7. Suara Hati.
dibuat karena kebaperan di grup panwink 😂😂😂
makasi buat anak2 disana(?) wkwk dabes :*
ini ff dadakan btw.
typo harap maklum.
dan... gaje juga harap maklum😂
.
.
.
.
.
.
.
.
Guanlin merasa mood-nya semakin jatuh akhir-akhir ini. Tugas sekolah yang menumpuk, kegiata ekskur yang tiada henti pertengkaran kecil dengan adikknya, membuatnya menjadi tempramen dan juga sensitif belakangan ini.
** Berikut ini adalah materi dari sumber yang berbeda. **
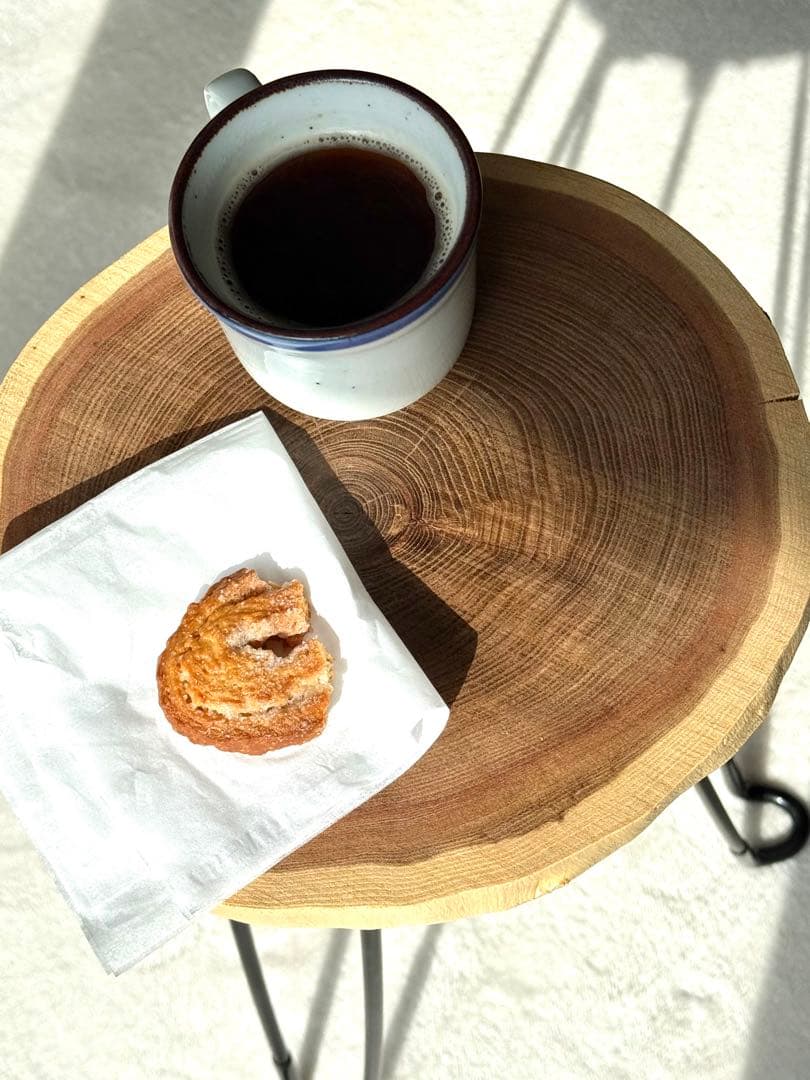 ミニ　コーヒーテーブル　サイドテーブル　天然木　一枚板(k017)一点もの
Terlebih saat ia mengetahui kekasihnya sendiri tengah berduaan dengan lelaki lain. Ia menjadi depresi sendiri.
Ia menjambak rambutnya sendiri dan menatap pantulan wajahnya dicermin. Rambut berantak, seragam kusut belum lagi wajahnya ang memancarkan aura putus asa. Ia tersenyum dan tertawa layaknya orang gila sebelum akhirnya menangis seraya menertawakan betapa menyedihkannya ia.
“Tante Qian, Guanlin ada?” Jihoon mengintip dari pintu depan.
Qian—ibu Guanlin tertawa pelan. Ia menunjuk kamar Guanlin dan membuat gestur tertidur. Mengisyaratkan pada Jihoon jika Guanlin tengah tertidur. Jihoon menanggukan kepalanya dan berjalan keatas, tak lupa menggumamkan kata terimakasihnya.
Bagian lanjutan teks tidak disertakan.